As if the new album was not enough Murphy has been busy making visual complements to the music under lockdown.

What’s the music like?

It is difficult to imagine a more stylish artist than Róisín Murphy. Even with Moloko it felt like her expressiveness matched the music in an effortless way, which made the finished result even more stylish and cool. Little has changed under her own name, though if anything the music is more dance based and the vocals even more meaningful.

Róisín Machine tells a story, threaded beautifully from start to finish, and as a result it works best when heard in a complete span. There are many telling lyrics, but the opening gambit, “I feel my story’s still untold, but I make my own happy ending”, sets the scene perfectly, after which Murphy and Barratt concoct a persuasive, loping groove.

Questions are asked as the album progresses. Kingdom Of Ends finds the singer “waking up every morning, thinking what the hell am I doing?”, while even during the cool chic of Shellfish Madamoiselle, with its bumpy beats and warm synthesizers, she feels that “I shouldn’t be dancing at a time like this”.

Difficult, though, when the music is so persuasive. The groove and vocal of Something More are a perfect match, the stylish slow disco-house brilliantly done. The same, too, goes for the effortless groove of Incapable. For the last two tracks, Narcissus and Jealousy, the tempo quickens and the pulse rate too, Róisín more obviously on the dancefloor.

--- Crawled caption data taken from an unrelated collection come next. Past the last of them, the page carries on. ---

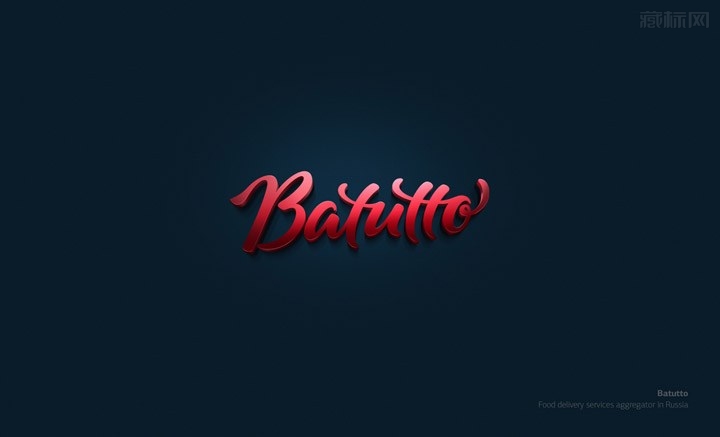 bafuffo字体设计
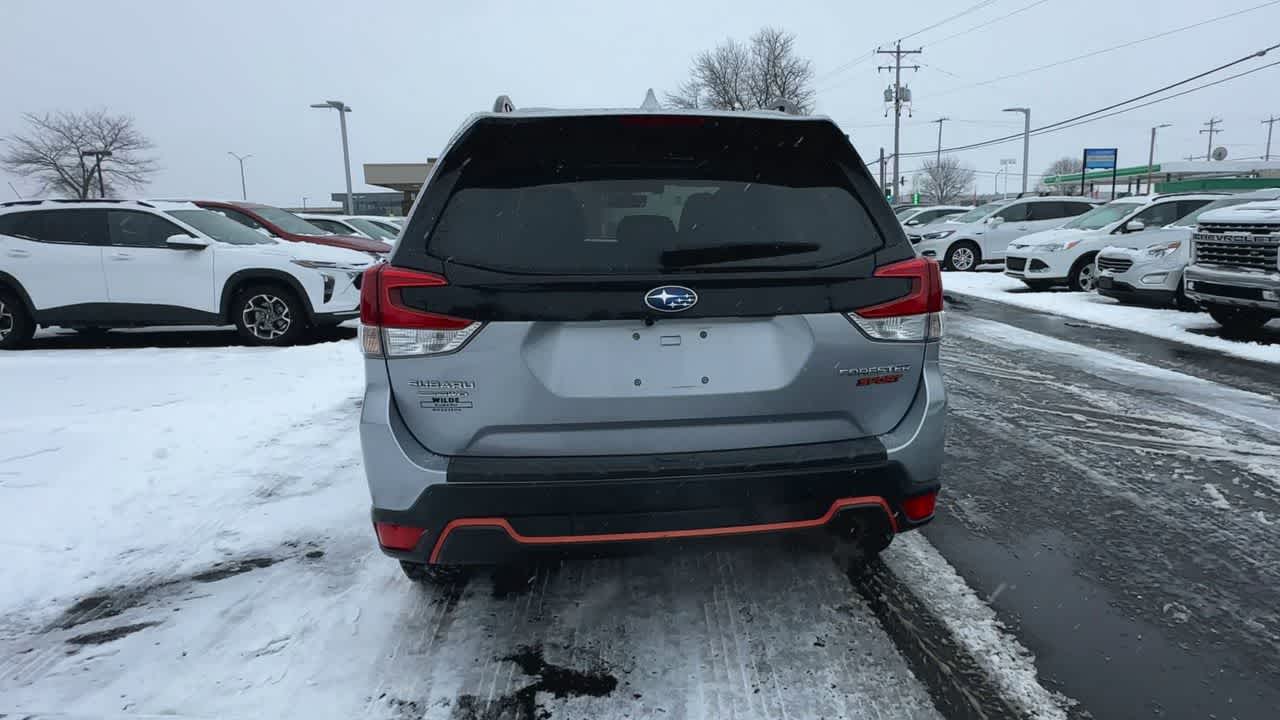 Thumbnail: 2019 Subaru Forester - 7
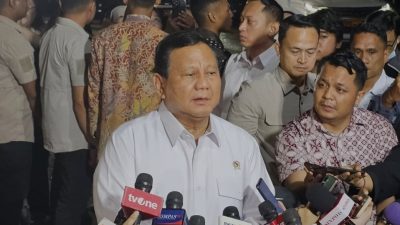 Prabowo Bertemu dengan Calon Menteri: Semuanya Sanggup Menjalankan Tugas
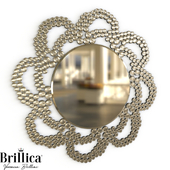 Зеркало Brillica BL905/905-C28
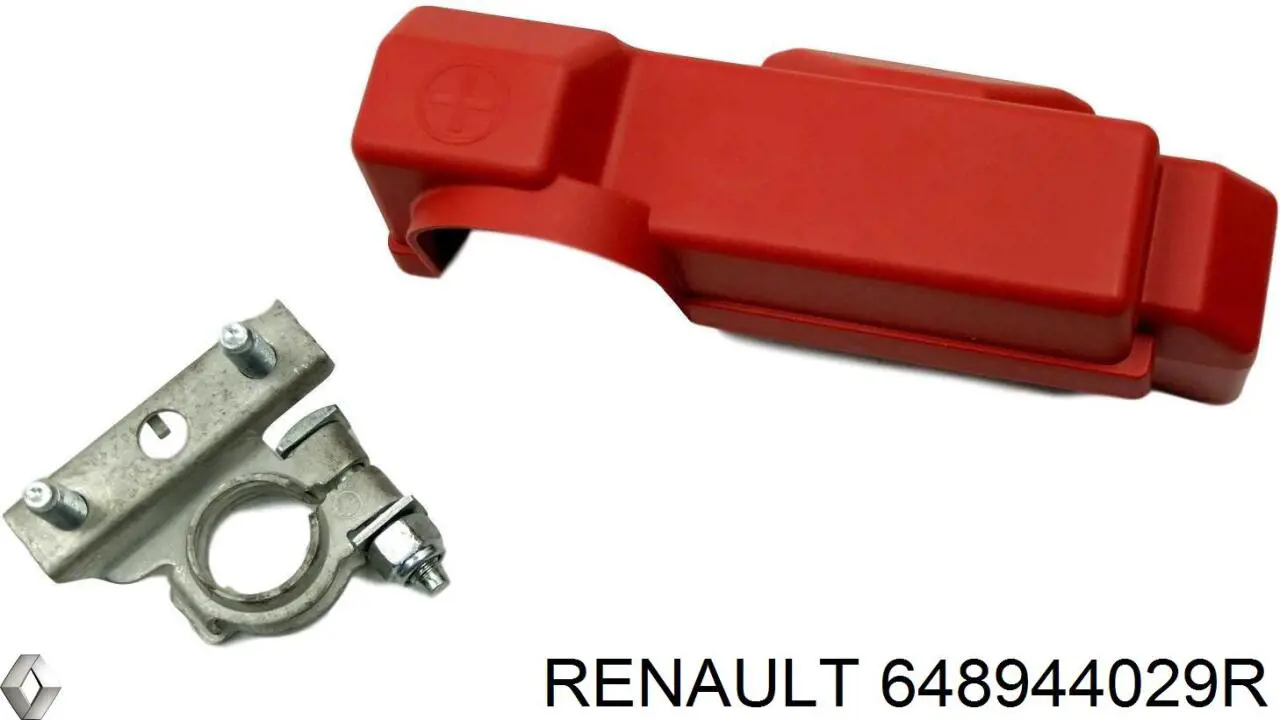 Купить 648944029R Renault (RVI) 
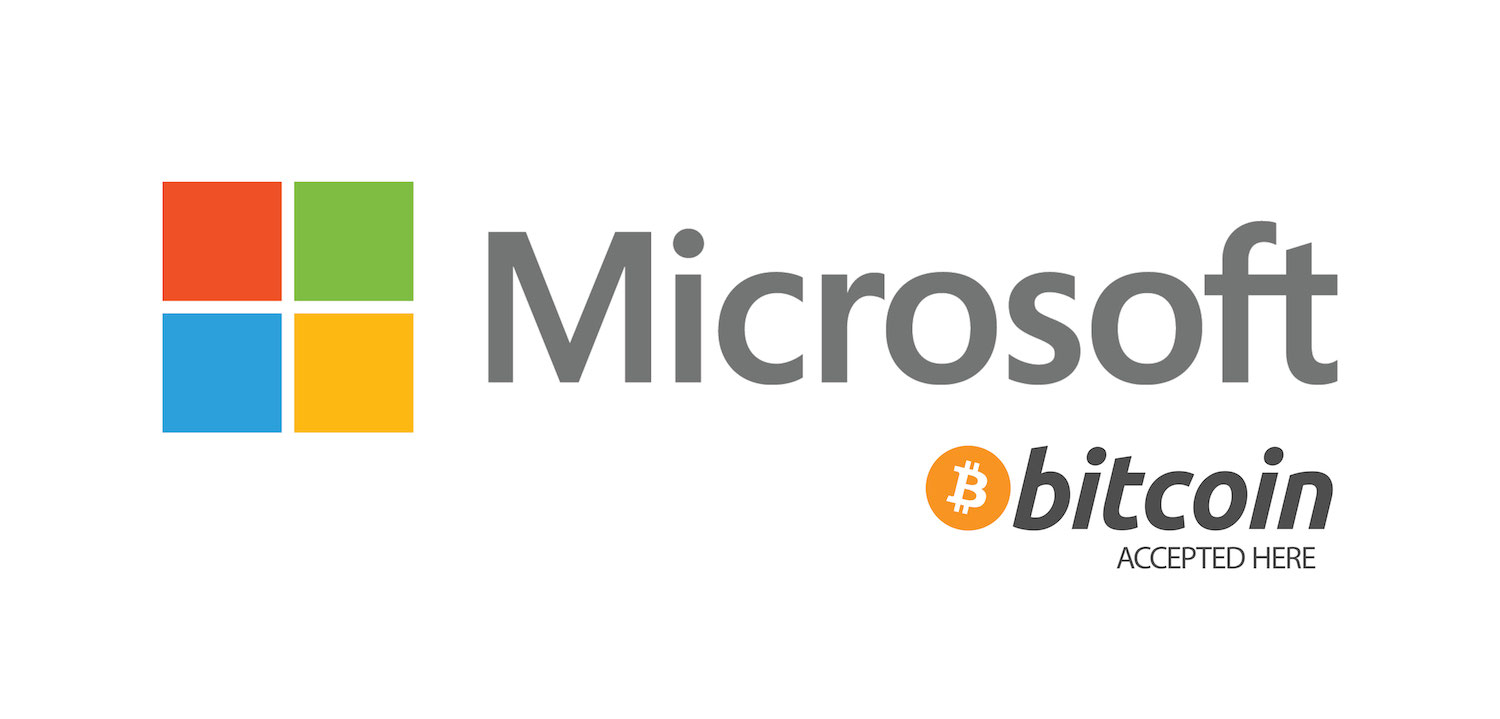bitcoin microsoft vivere su bitcoin per una settimana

The most compelling stories are told in Murphy’s Law, however, where she sings of how “I’d rather be alone than making do and mending”, but finds her instincts are pulling her in different directions.

Does it all work?

Yes – either as a single whole or as individual tracks, Róisín Machine is brilliantly worked through. The singer sounds completely at home, but at the same time there are thought provoking lyrics and feet-provoking grooves.

Is it recommended?

Wholeheartedly. This is an album that embodies the saying ‘Style never goes out of fashion’. Róisín Murphy remains one of our finest vocalists, and like a fine wine is just continuing to improve with age. Richard Barratt proves the ideal match in the production department, and together the two have made one of the best pop albums of the year.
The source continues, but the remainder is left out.